About the Author

Anna Paretas-Artacho — Creator of The Emotional Gradient Blueprint

Purpose & Context

Anna developed TEG-Blue (The Emotional Gradient Blueprint) over nearly two years of independent research, drawing on a lifetime of observing patterns in human behavior, systems thinking, personal experience, and cross-disciplinary reading.

TEG-Blue is organized in two layers. The measurement system — the Four-Mode Gradient (Connection → Protection → Control → Domination) — measures nervous system regulatory states that can be detected in natural language. The explanatory architecture — the 12 Frameworks — explains why these modes exist, how patterns scale into social structures, where protection tips into domination, and what makes change possible.

The framework draws on 139+ established theories across neuroscience, psychology, sociology, and trauma studies. The originality is not in the individual theories — it is in the connections between them. These research traditions developed independently, within separate disciplines, often without reference to each other. TEG-Blue proposes specific cross-disciplinary connections that do not exist in any of the source theories.

The focus throughout has been helping people navigate emotional states without judgment while understanding the protective functions of all emotions.


Current State

Anna has published her validation study "Detecting Regulatory States in Natural Language" on Zenodo (DOI 10.5281/zenodo.18428907). The study analyzed over 10,000 natural conflict narratives and found that:

  • All four regulatory modes were successfully detected using polyvagal markers, contempt markers, and moral disengagement markers
  • 33.8% of individuals escalated toward Control/Domination when challenged
  • 22.2% de-escalated toward Connection
  • De-escalators showed 78% higher rates of complexity markers than escalators

The theoretical foundations, open research questions, and collaboration opportunities are documented on the open science platform at teg-blue.org.

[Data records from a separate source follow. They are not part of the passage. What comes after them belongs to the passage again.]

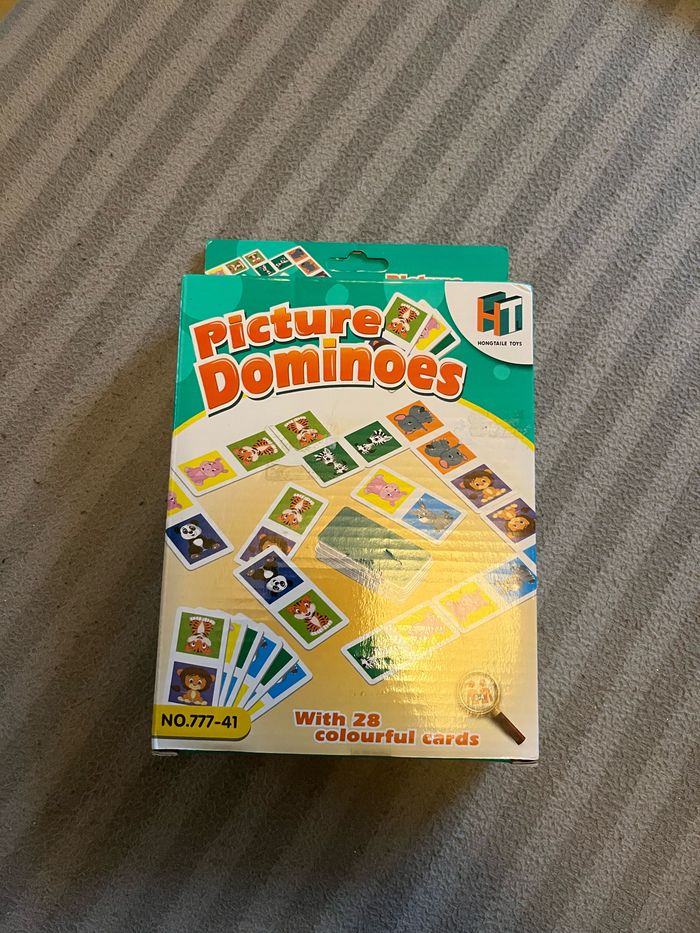 Jeu éducatif dominos Neuf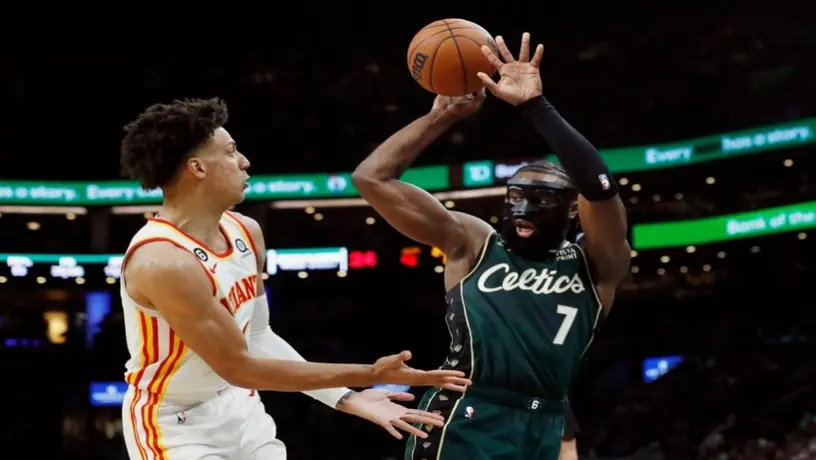 Celtics abren serie venciendo a Hawks con Jaylen Brown y Jayson Tatum como figuras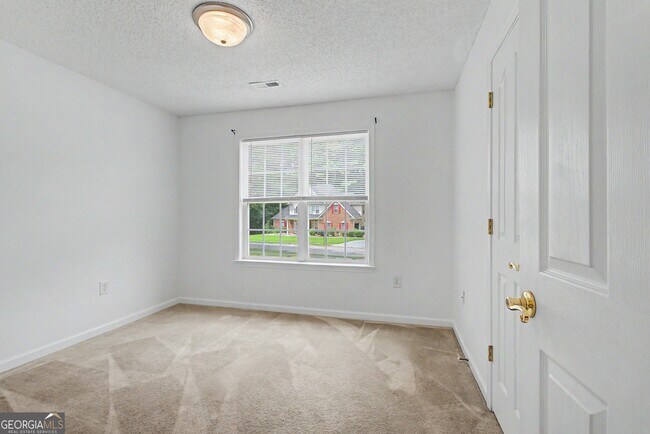 Building Photo - 255 Squire Ln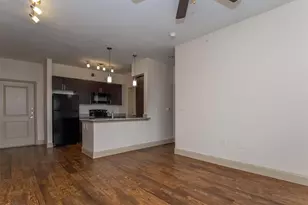 2930 Plum Creek Ln, Houston, TX 77087 - Photo 4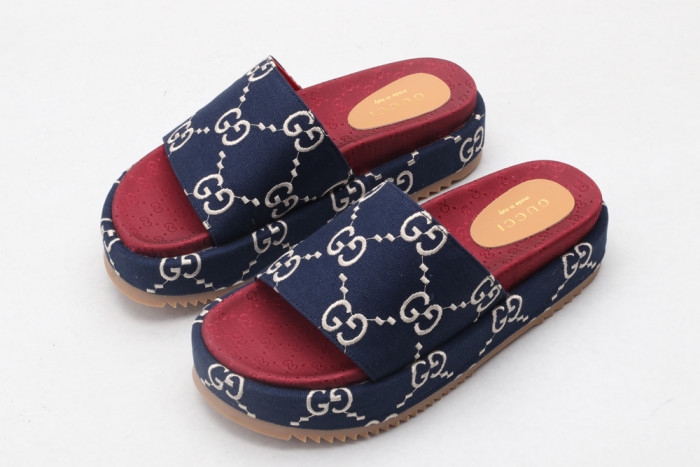 G*u*i slippers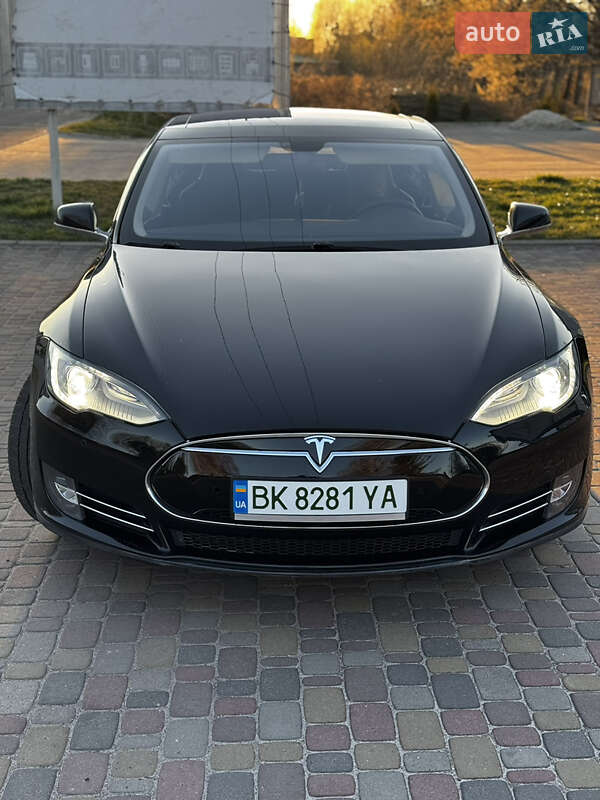 Лифтбек Tesla Model S 2014 в 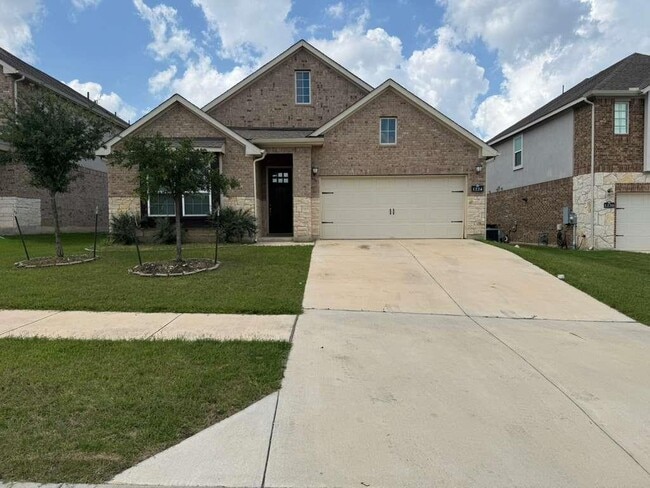 Building Photo - 141 Seminole Dr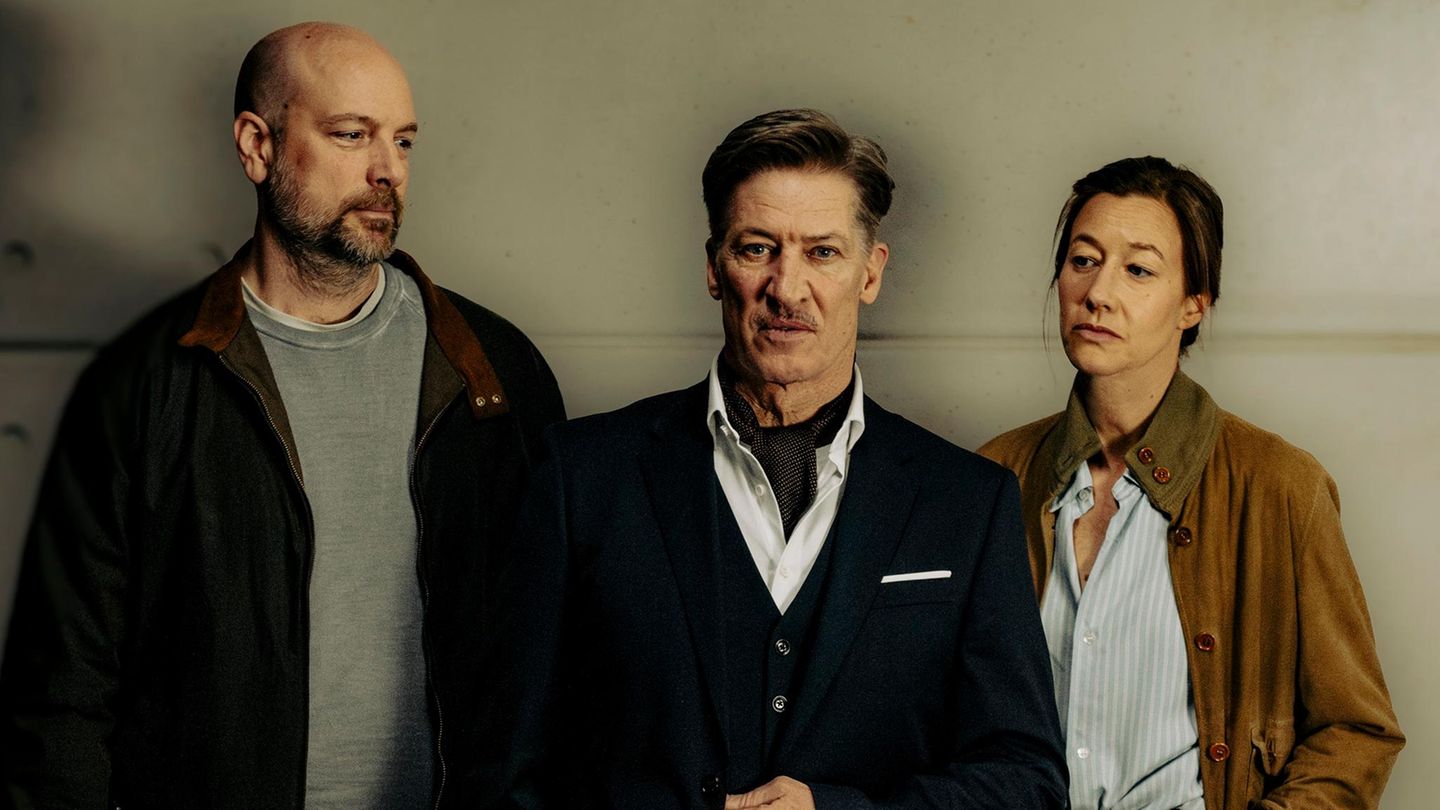 „Polizeiruf 110“ aus München: Kommissar Dennis Eden (Stephan Zinner), Rechtsanwalt August Schellenberg (Tobias Moretti) und Kommissarin Cris Blohm (Johanna Wokalek).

Anna has established her research identity with ORCID 0009-0005-2394-7162.


Key Learnings & Principles

The framework's distinctive contribution lies in positioning emotional states on a continuous gradient rather than discrete categories, with the insight that all emotions serve protective or connective functions. The "orientation-not-diagnosis" philosophy treats emotional states as information rather than pathology.

The core testable claim: The key variable that predicts relational and behavioral outcomes is not a person's current regulatory state, but their capacity to return to Connection when challenged. This capacity is measurable. It shows up in language. And it appears to be predicted by specific linguistic markers called complexity markers — signs of self-awareness, perspective-taking, and emotional differentiation.

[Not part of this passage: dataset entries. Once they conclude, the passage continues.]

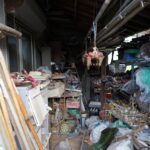 物が散乱しているゴミ屋敷
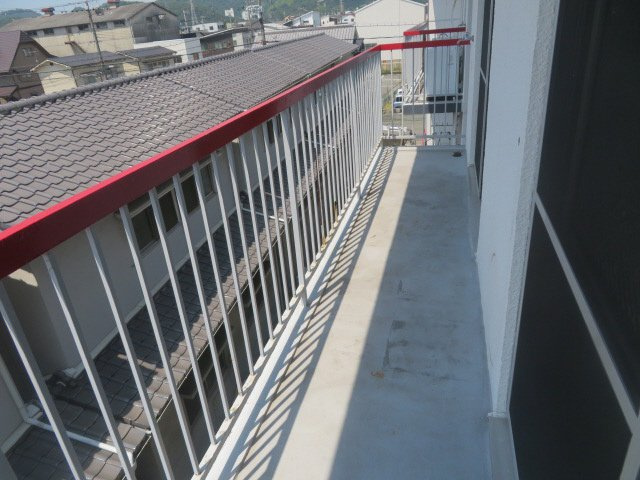 姫路市土山２丁目の賃貸マンションのバルコニー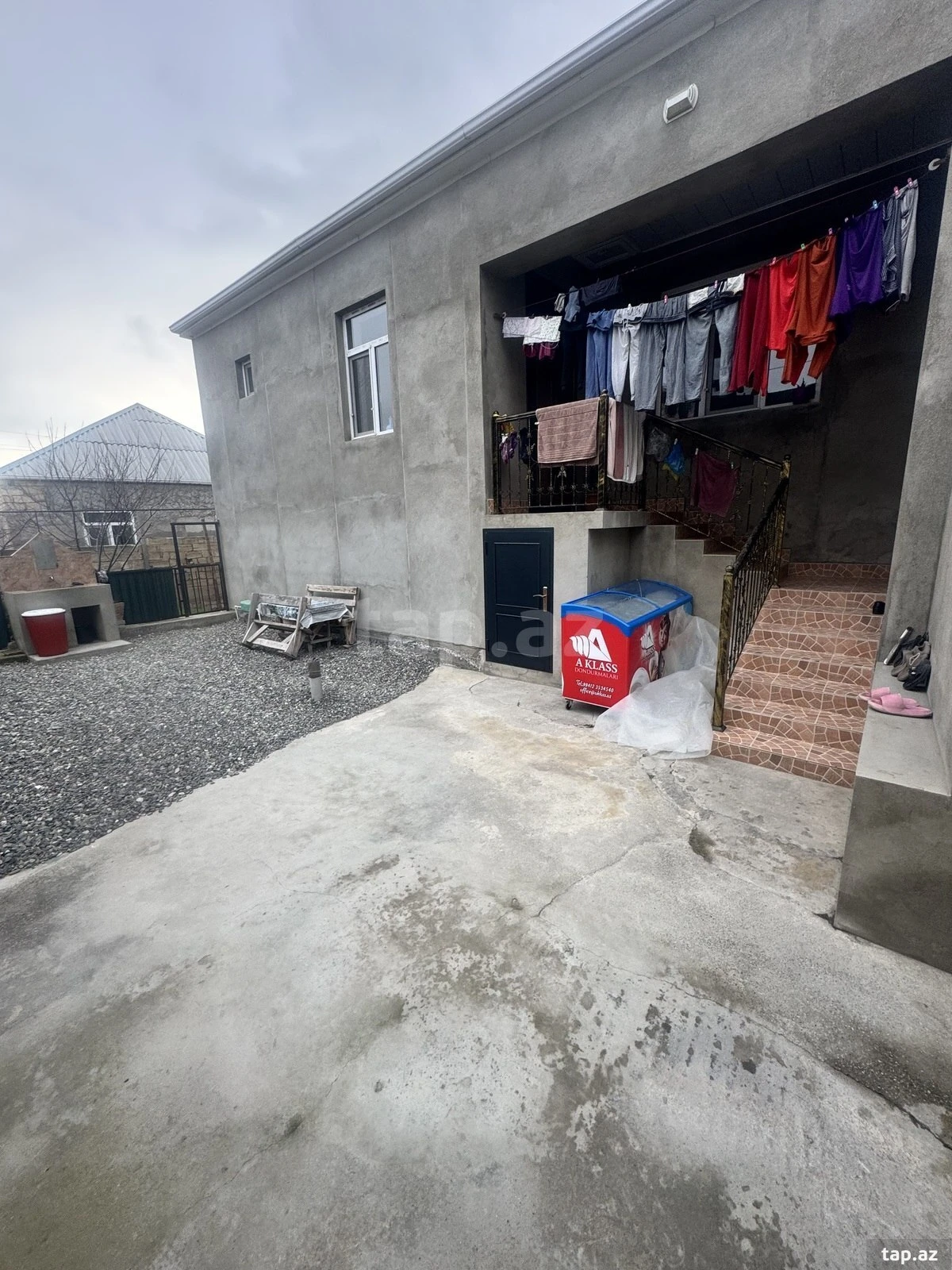 Satılır 4 otaqlı həyət evi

The validation research confirmed this: de-escalators showed 78% higher rates of complexity markers than escalators, suggesting that the capacity to return to Connection — not the absence of protective states — is what matters most.


Approach & Methodology

Anna works through iterative design and testing, moving from theoretical frameworks to practical applications. She emphasizes interactive, colorful, non-judgmental, grounding, honest, simple, and kind design approaches for user-facing tools.

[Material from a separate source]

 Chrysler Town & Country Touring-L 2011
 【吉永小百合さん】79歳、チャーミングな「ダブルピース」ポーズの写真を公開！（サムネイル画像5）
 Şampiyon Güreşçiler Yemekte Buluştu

How the architecture was developed: The integrative architecture — the 12 frameworks and the connections between them — emerged through building each framework to explain patterns Anna had lived through and witnessed. The Four-Mode Gradient was not designed first and then explained; it became visible when the pieces were placed together.

How the literature mapping was created: Once the architecture was established, AI research tools (Claude, ChatGPT Deep Research) were used to systematically identify which established theories and researchers align with each framework's propositions. The architecture determined the connections. The AI tools helped locate and organize the corresponding academic literature.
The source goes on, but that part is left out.